COURT OF APPEALS OF NEW MEXICO

March 25, 2013


APPEAL FROM THE DISTRICT COURT OF UNION COUNTY, John M. Paternoster, District Judge

COUNSEL

Gary K. King, Attorney General, Santa Fe, NM, M. Anne Kelly, Assistant Attorney General, Albuquerque, NM, for Appellee

Alex Chisholm, Albuquerque, NM, for Appellant

JUDGES

J. MILES HANISEE, Judge. WE CONCUR: LINDA M. VANZI, Judge, M. MONICA ZAMORA, Judge

AUTHOR: J. MILES HANISEE

MEMORANDUM OPINION

HANISEE, Judge.

{1}       Defendant was found guilty by a jury of trafficking heroin and conspiracy to traffic heroin—charges that arose from an incident in which Defendant was alleged to have passed an envelope containing heroin to another inmate while Defendant was in the penitentiary. On appeal, Defendant challenges the sufficiency of the evidence to support the trafficking charge, arguing that the evidence did not support the jury’s finding that Defendant knew the envelope contained heroin beyond a reasonable doubt. We hold that sufficient evidence supports Defendant’s conviction and affirm.

DISCUSSION

A. Standard of Review

{2}       The parties dispute the applicable standard of review. Defendant contends that because he preserved an objection to the jury instruction for trafficking heroin, we should review for reversible error, and he also asserts that we should apply the sufficiency of the evidence standard. We agree with the State that Defendant does not raise an argument on appeal about the adequacy of the jury instruction, but rather challenges the sufficiency of the evidence. Defendant further argues that when we review for substantial evidence, there is a limitation on the extent to which we may rely on inferences drawn from circumstantial evidence to prove an essential element of the crime. Defendant relies on State v. Quintana in support of his contention that where circumstantial evidence is used to prove an element, “such evidence must point unerringly to the defendant’s guilt, and must be incapable of explanation by any reasonable hypothesis of the defendant’s innocence.” 87 N.M. 414, 422, 534 P.2d 1126, 1134 (Ct. App. 1975) (Sutin, J., dissenting) (citing State v. Malouff, 81 N.M. 619, 620, 471 P.2d 189, 190 (Ct. App. 1970). As the Supreme Court later explained, however, “ ‘incompatible with any rational theory of . . . innocence’ means ‘the evidence supporting the verdict [must] provide a sufficient basis upon which to infer guilt beyond a reasonable doubt.’ ” State v. Apodaca, 118 N.M. 762, 766, 887 P.2d 756, 760 (1994) (quoting State v. Vigil, 110 N.M. 254, 256, 794 P.2d 728, 730 (1990) (alterations in original)). What Defendant purports to be a limitation on our review of the sufficiency of circumstantial evidence is not so; it “is really nothing more than an application of the substantial evidence rule.” Vigil, 110 N.M. at 256, 794 P.2d at 730 (internal quotation marks and citation omitted); see State v. Chandler, 119 N.M. 727, 732, 895 P.2d 249, 254 (Ct. App. 1995) (rejecting the separateness of a circumstantial evidence rule and explaining that having evaluated the circumstantial evidence, “the jury, by its verdict, has necessarily found the hypothesis of guilt more reasonable than any of the theories of innocence advanced by the defendant. Thus, we evaluate whether substantial evidence supports the verdict of guilt beyond a reasonable doubt.” (citation omitted)), holding modified on other grounds by State v. Vargas, 2007-NMCA-006, ¶ 14, 140 N.M. 864, 149 P.3d 961. Accordingly, we apply our usual standard of review for the sufficiency of the evidence.

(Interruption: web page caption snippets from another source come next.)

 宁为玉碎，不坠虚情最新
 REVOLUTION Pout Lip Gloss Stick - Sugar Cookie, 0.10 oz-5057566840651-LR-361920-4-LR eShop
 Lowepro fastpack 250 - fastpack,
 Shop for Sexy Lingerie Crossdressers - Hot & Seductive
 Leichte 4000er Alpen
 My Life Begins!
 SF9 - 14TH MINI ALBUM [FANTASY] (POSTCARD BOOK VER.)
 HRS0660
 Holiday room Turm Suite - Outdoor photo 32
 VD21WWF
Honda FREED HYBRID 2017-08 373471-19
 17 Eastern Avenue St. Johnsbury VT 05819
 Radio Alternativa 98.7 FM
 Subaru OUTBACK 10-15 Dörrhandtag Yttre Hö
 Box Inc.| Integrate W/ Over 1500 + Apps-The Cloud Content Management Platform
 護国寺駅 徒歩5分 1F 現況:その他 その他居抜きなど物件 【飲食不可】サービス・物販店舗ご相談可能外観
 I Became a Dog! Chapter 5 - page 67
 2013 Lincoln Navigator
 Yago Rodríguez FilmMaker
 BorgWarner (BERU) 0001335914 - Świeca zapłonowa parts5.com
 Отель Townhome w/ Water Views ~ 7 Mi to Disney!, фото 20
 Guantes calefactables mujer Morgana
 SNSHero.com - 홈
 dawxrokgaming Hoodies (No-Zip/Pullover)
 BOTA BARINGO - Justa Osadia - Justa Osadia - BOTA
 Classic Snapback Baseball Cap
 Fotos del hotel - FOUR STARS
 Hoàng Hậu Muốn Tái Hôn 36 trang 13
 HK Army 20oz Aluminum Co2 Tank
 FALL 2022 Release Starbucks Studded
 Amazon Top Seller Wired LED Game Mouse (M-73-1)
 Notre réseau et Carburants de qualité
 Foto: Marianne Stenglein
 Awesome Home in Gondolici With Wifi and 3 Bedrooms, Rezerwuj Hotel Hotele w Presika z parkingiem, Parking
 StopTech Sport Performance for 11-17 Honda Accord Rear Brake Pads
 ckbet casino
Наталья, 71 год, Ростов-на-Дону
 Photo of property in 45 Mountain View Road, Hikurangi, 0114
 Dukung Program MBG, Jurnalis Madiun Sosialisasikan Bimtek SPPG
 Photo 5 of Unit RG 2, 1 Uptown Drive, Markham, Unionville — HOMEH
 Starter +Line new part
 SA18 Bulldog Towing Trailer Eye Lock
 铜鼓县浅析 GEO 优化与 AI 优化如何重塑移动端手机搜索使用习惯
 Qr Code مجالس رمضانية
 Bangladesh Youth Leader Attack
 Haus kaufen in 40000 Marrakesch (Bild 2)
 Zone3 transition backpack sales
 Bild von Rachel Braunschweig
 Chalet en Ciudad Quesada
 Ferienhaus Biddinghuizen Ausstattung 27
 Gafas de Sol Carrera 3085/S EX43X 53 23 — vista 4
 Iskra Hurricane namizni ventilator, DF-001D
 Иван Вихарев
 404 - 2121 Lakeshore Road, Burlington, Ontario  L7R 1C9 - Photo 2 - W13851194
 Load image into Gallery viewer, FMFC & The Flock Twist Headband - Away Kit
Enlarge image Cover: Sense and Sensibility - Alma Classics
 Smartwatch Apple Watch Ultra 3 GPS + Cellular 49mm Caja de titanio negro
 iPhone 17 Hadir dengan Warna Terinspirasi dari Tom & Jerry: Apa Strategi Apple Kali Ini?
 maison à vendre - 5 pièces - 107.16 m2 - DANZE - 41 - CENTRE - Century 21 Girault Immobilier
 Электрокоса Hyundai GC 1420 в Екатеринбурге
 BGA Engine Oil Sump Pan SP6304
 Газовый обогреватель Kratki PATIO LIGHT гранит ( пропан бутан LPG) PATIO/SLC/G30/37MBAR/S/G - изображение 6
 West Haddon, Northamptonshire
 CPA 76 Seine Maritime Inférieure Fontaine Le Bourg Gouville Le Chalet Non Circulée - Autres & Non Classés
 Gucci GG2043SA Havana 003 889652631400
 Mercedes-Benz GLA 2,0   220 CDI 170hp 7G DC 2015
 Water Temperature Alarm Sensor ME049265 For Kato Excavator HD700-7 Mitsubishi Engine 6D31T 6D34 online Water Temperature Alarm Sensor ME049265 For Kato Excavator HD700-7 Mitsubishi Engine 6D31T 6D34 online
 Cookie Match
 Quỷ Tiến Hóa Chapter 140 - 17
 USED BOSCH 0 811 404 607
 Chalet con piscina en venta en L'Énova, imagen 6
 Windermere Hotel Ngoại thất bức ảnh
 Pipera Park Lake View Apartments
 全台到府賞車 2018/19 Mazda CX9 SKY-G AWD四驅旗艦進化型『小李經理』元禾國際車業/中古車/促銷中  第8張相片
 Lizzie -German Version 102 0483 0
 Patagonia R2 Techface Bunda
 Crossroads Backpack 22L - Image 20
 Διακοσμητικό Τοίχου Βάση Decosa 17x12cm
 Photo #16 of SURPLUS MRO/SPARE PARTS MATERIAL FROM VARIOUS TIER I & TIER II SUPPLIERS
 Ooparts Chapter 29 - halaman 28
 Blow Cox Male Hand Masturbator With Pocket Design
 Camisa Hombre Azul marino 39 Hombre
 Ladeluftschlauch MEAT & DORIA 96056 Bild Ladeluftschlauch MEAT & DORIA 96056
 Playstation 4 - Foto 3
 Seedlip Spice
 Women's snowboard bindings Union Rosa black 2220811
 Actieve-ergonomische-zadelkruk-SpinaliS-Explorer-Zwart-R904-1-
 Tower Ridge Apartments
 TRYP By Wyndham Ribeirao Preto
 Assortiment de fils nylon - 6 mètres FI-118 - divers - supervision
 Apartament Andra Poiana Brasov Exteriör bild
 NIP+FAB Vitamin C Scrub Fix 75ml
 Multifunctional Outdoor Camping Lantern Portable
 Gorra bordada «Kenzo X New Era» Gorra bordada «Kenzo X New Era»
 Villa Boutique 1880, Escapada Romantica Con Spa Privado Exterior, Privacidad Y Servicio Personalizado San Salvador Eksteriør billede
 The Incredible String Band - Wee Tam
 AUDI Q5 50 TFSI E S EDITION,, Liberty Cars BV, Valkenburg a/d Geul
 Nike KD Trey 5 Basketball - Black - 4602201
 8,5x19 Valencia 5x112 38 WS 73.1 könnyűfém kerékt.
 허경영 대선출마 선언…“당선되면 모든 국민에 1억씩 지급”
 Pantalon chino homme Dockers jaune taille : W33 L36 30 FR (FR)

{3}       “The test for sufficiency of the evidence is whether substantial evidence of either a direct or circumstantial nature exists to support a verdict of guilty beyond a reasonable doubt with respect to every element essential to a conviction.” State v. Riley, 2010-NMSC-005, ¶ 12, 147 N.M. 557, 226 P.3d 656 (internal quotation marks and citation omitted). The reviewing court “view[s] the evidence in the light most favorable to the guilty verdict, indulging all reasonable inferences, and resolving all conflicts in the evidence in favor of the verdict.” State v. Cunningham, 2000-NMSC-009, ¶ 26, 128 N.M. 711, 998 P.2d 176. “The question before us as a reviewing [c]ourt is not whether we would have had a reasonable doubt [about guilt] but whether it would have been impermissibly unreasonable for a jury to have concluded otherwise.” See State v. Rudolfo, 2008-NMSC-036, ¶ 29, 144 N.M. 305, 187 P.3d 170. Conversely stated, we ask whether “any rational trier of fact could have found the essential elements of the crime beyond a reasonable doubt.” Cunningham, 2000-NMSC-009, ¶ 26 (emphasis, internal quotation marks, and citation omitted).

B. Analysis

{4}       In order to prove that Defendant trafficked heroin, the State had to establish the following beyond a reasonable doubt:

                  1.   [D]efendant transferred [h]eroin to another;

                  2.   [D]efendant knew it was [h]eroin or believed it to be [h]eroin or believed it to be some drug or other substance the possession of which is regulated or prohibited by law;

                  3.   This happened in New Mexico on or about the 15th day of December[] 2008.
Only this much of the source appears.